In 1998, Tim Berners-Lee wrote one of the directives of the Web; Cool URIs don’t change;
There are no reasons at all in theory for people to change URIs (or stop maintaining documents), but millions of reasons in practice.
However, those that work on the web know this is a fallacy. Web developer Jeremy Keith – knowing from experience how URLs disappear all too easily – created a “long bet” stating;
The original URL for this prediction (www.longbets.org/601) will no longer be available in eleven years.
Thankfully, after eleven years, the URL still survives and Jeremy was happily proven wrong. However, this isn't the case for a lot of URLs.
Sometimes there is seismic destruction of URLs, such as Geocities and the original social network Myspace. These closures are often reported in the media – ironically, these posts can also suffer the same fate of disappearing!
GeoCities was an important outlet for personal expression on the Web for almost 15 years but was discontinued on October 26, 2009.
Luckily The Internet Archive stepped in and archived Geocities using Wayback Machine in a special deep backup.
The Internet Archive launched special several deep collection crawls, including specific sites nominated by the public, over the last few months that GeoCities was in operation, to help make our archive of GeoCities sites as deep and thorough as possible.
These backups are definitely exceptional and not the norm.
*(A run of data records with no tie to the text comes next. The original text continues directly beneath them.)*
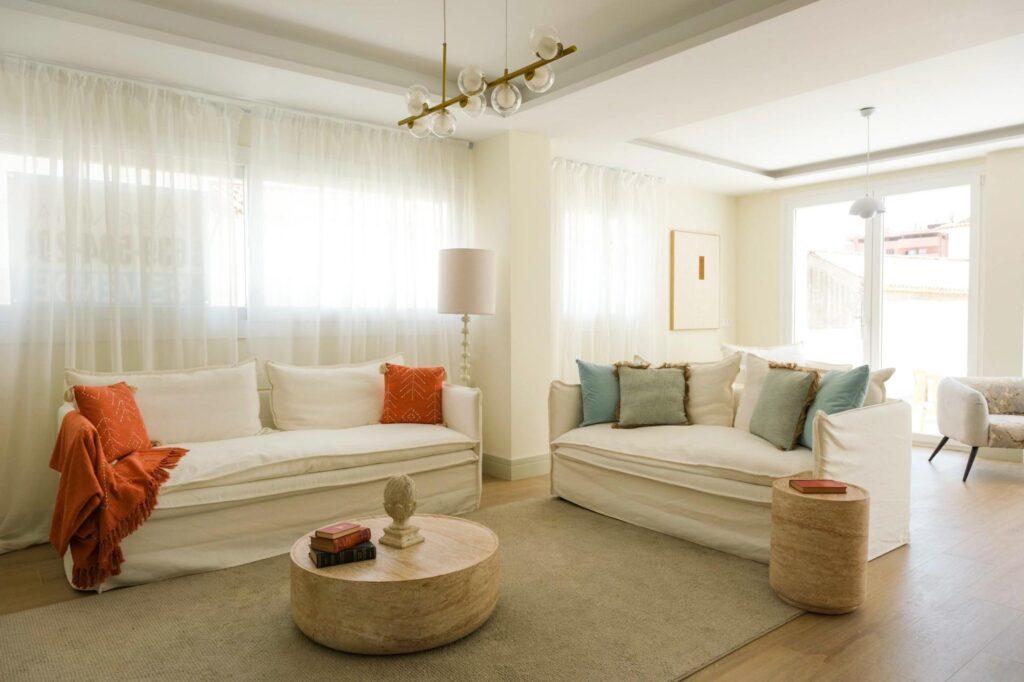 Ekskluzywne domy z widokiem na morze w La Malagueta (Malaga): życie w najlepszej nadmorskiej lokalizacji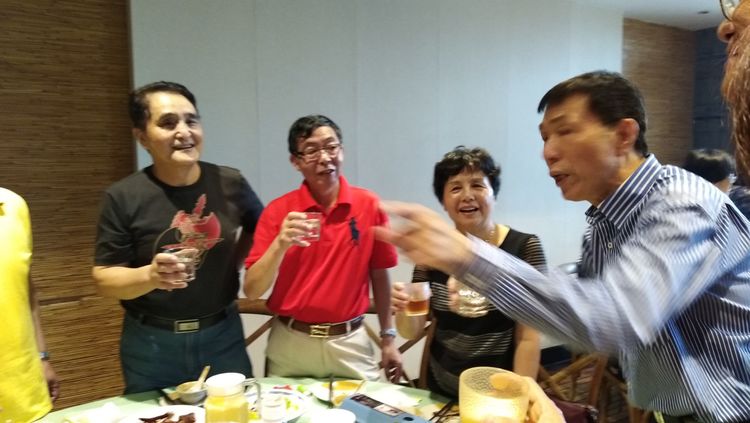 干岔子一，二队老知青久别重逢，共忆黑土情长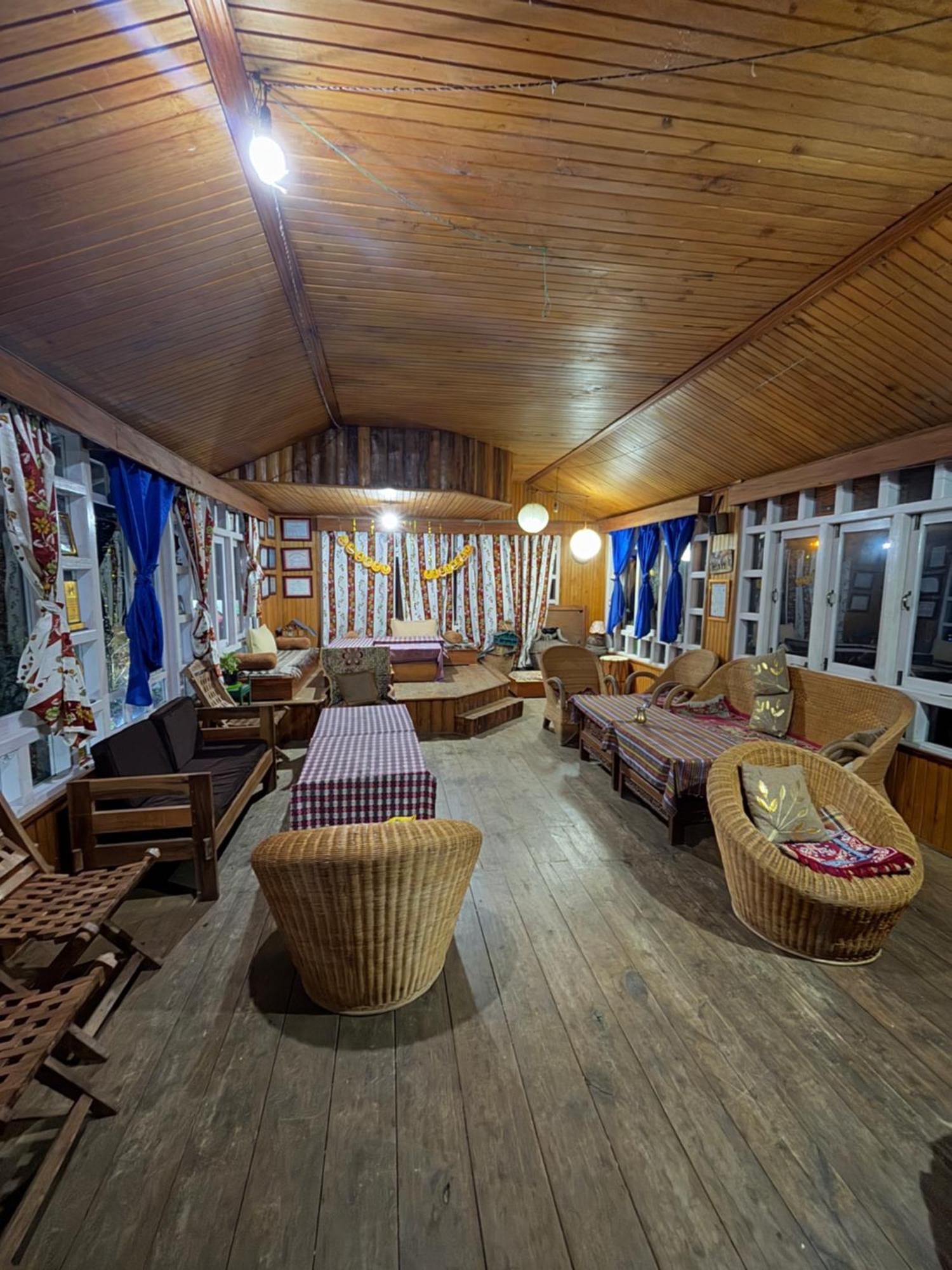 Апартаменты Odyssey'S Darap Eco Retreat Пеллинг Экстерьер фото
It is heartening to see that the UK Government Digital Service has a policy of No link left behind which is part of their modernising and consolidating online services, meaning legacy URLs from the sporadic early days of online government services are maintained.
Brian Suda sums up the scale of the problem in his article Link Rot…
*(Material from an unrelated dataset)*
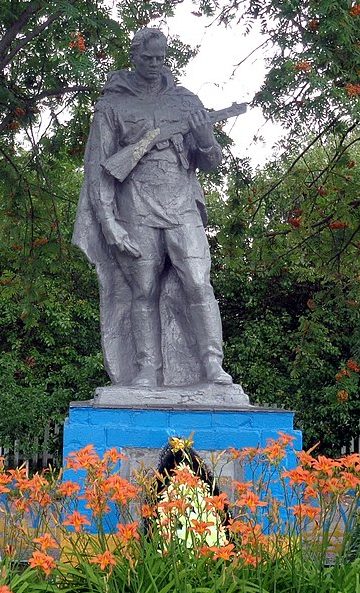с. Шняковка Нежинского р-на. Памятник, установленный на братской могиле советских воинов, погибших при освобождении села в сентябре 1943 года.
In 18 years, we’ve lost 22% of the content on the Web, sure, the language and ideas are not extinct, but we certainly lost something for future generations.
There is also a steady loss of small personal URLs from the Web. These don't get much attention but is something I have infuriatingly and sadly seen a lot when revisiting links I have posted, especially in my on this day archive which is a lovely dive into the past. There are plenty of reasons for this to happen, such as the recurring cost of domains and hosting, as well as moving to newer versions without the care to redirect old URLs.